第72期 #3

ラブストーリーは突然に

「人数足りないから」と誘われて、久しぶりの合コン。おれの目の前に座った女の子は、ロナウドに似た、とてもおっぱいの大きい女の子だった。メーカーの受付嬢ってもっと可愛い子ばっかり揃えているのかと思っていたのに。何?このクリーチャー。そう思って回りを見たら他の子はそれなりに可愛い。おれだけロナウド。それでも、おれの目線は彼女に釘付けだった。正確に言えば、彼女の胸元に釘付け。だって、大きいから。Gカップぐらい?いやもっと大きい。ふと、昔見たプロ野球中継の映像が頭に浮かぶ。1999年の4月7日西武対日本ハム戦。たしか、松坂大輔のデビュー戦だったはずだ。2ストライクまで追い込まれた片岡が、高めのボール球に思わずスイングする。球速155キロ、空振りの三振。甲子園の怪物の鮮烈なデビュー。あまりのおっぱいの大きさに、ロナウドと分かっていながら思わず興奮する、今日のおれは片岡だった。ロナウドのおっぱいは、松坂の155キロと同じぐらいのスピードで眼球を直撃し、脊髄を通っておれの股間を刺激した。もう我慢できません。「きょう、おれ、こいつ、いただく」と幹事の板倉に目で合図してから、おれ対ロナウドの一本勝負のゴングが鳴る。カーン。
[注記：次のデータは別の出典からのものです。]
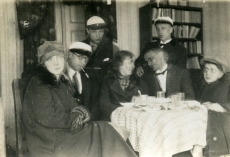 Vasakult: Elsbet Markus, [Virve Huik], Heiti Talvik (vas. 5. istumas), Paul Viiding jt grupifotol [1927-1928]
おれはまず相手を褒めることから始める。褒めて褒めて、褒めたおす。爪を褒める。服装のセンスを褒める。顔だって褒める。化粧を褒める。肌を褒める。笑顔が可愛いね、とか言っちゃう。本当は「ドリブル得意そうだよね」と言いたいところをぐっとこらえて、楽しい時間を演出する。試合終了後のお楽しみのためにおれは精一杯道化を演じた。興味も無いくせに血液型占いの話だってした。そして、程よくお酒も入ってロナウドとも打ち解けてきたところで、おっぱいについて触れる。「いやー正直最初見たときビックリしたよ。すごく大きいよね。意識しようとしなくても目線がついついそっちに行っちゃう。何カップぐらいあるの?」そしたらロナウドは、少し恥ずかしそうに答えてくれた。

「ワールドカップ」

少し間をあけてから、おれは笑った。ゲラゲラ涙を流しながら笑ってやった。おれが笑っているのを見て、彼女も嬉しそうに笑った。板倉が変な目で見ているのも気にせず、そうしてたっぷり笑ったあと、おれは彼女を本気で愛し始めていた。